■ What you are asked to do ■
Using the data below, output a verbatim copy of the lines between the one holding "From here, choose" and the one holding "In other words, we", inclusive, without any pictures.

■ Data shown ■

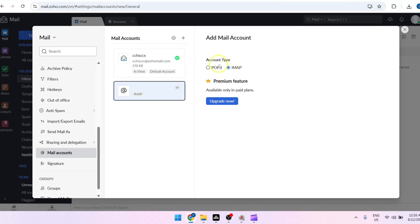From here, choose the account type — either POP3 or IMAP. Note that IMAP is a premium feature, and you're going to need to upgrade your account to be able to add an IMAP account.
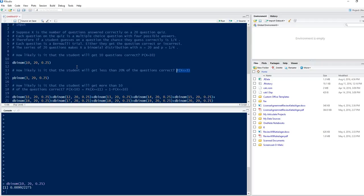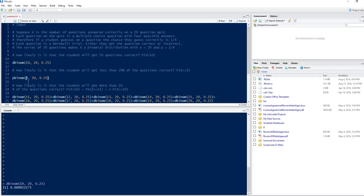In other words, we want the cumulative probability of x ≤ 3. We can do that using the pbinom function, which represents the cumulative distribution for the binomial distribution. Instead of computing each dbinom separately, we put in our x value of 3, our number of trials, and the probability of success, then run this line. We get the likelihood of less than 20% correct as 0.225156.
---
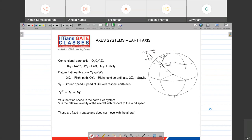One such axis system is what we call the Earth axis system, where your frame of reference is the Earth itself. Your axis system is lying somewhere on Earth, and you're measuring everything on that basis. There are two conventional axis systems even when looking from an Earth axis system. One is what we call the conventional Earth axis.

■ Task solution ■
From here, choose the account type — either POP3 or IMAP. Note that IMAP is a premium feature, and you're going to need to upgrade your account to be able to add an IMAP account.
In other words, we want the cumulative probability of x ≤ 3. We can do that using the pbinom function, which represents the cumulative distribution for the binomial distribution. Instead of computing each dbinom separately, we put in our x value of 3, our number of trials, and the probability of success, then run this line. We get the likelihood of less than 20% correct as 0.225156.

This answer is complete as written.